This is not a situation unique to college football coaches. Each year during free agency season, sports devotees bemoan the demise of player loyalty. How could our great young star leave the cozy and friendly confines of [fill in the blank] just for more money? Doesn't anyone have any team loyalty anymore?

The answer, of course, is no one ever had any loyalty. Players, coaches, general managers, even clubs are ready to move for bucks. In the early years of professional baseball, players would "revolve" from club to club, sometimes during the same season. The reserve system was invented by National League club owners in 1879 to stop this player practice. The owners were not concerned about player loyalty, but about player salaries. Without any competition for a player's services, owners could pay whatever they wished and in this way the owners keep salaries "under control." With the advent of the American League in 1901 and the Cincinnati Peace Agreement of 1903, the universal reserve system bound all players to their clubs for life. Free agency did not arrive until 1975 when Arbitrator Peter Seitz ruled that the player's contractual option clause covered only a single year. It was not a perpetual promise.
Even when the reserve system ruled, it never bound the owners to keep their players. From time immemorial, which in baseball goes back to the 1880s, club owners have sold players to other clubs for cash and "other considerations," typically other players. Albert Spalding invented the practice and Connie Mack perfected it in the twentieth century, periodically selling his future Hall of Fame players for cash. (Senators owner Clark Griffith even sold his son-in-law, Joe Cronin, to the Red Sox.) But what about loyalty? Apparently, loyalty was never meant to be a two-way street.

Starting in earnest in the 1950s, baseball club owners became free agents themselves, moving their franchises from city to city for "cash considerations." Would Walter O'Malley turn down the offer from Los Angeles just because Brooklyn's beloved baseball team had been part of the borough's life for almost a century? Loyalty does not trump financial opportunity.

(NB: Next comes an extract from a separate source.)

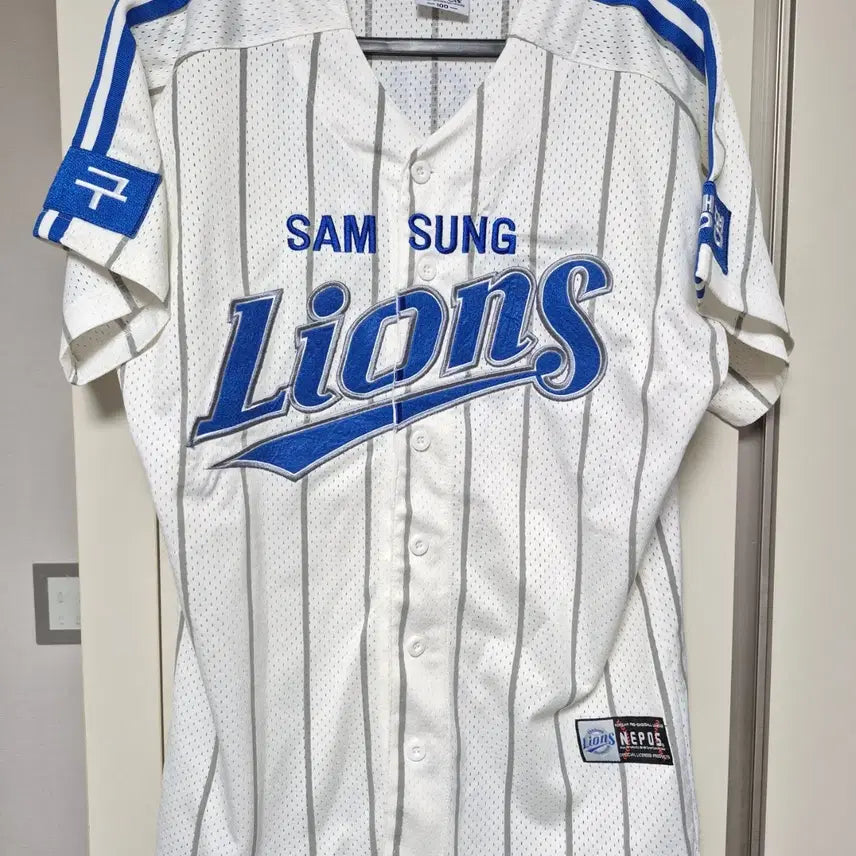 [BUNJANG] Samsung Lions Dynasty Era Uniform Size 100 / 삼성라이온즈 왕조시절 유니폼 100사이즈 판매합니다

This winter as a few top-rated baseball free agents have cashed in, owners have continued to exchange their non-free agents. If the Red Sox need a fine relief pitcher like Ramon Ramirez, then outfielder Coco Crisp would have to relocate to Kansas City. All trades must be approved by the Office of the Commissioner, but no Commissioner to my knowledge has ever refused to sanction a trade because the hometown fans would have been upset to lose one of their favorites and the player wanted to stay with their previous club.

That is what makes the Boston College termination of its football coach so interesting. It would have been easy to insert a provision into Coach Jags' employment contract that said: "In exchange for your $1 million a year, you hereby promise not to interview with any other college or professional club." I would also have included a penalty clause providing for liquidated damages for the violation of that promise: "You will pay Boston College $500,000 for the first violation of this clause, $1 million for the second, etc., and you will also forfeit your reserved parking space on campus." Without these types of provisions, unless some court or arbitrator were to determine that Coach Jags' visit to the Jets was a material breach of his contract, BC is on the line for the remainder of his five-year deal.

Nevertheless, AD De Fillippo has made his point. The Boy Scout Law lives in Newton, Massachusetts. Another part of that Law requires strict obedience: "A Scout follows the rules of his family, school, and troop. He obeys the laws of his community and country. If he thinks these rules and laws are unfair, he tries to have them changed in an orderly manner rather than disobey them." Once again, loyalty has become a treasured value, at least until BC steals someone else's coach to guide its football fortunes.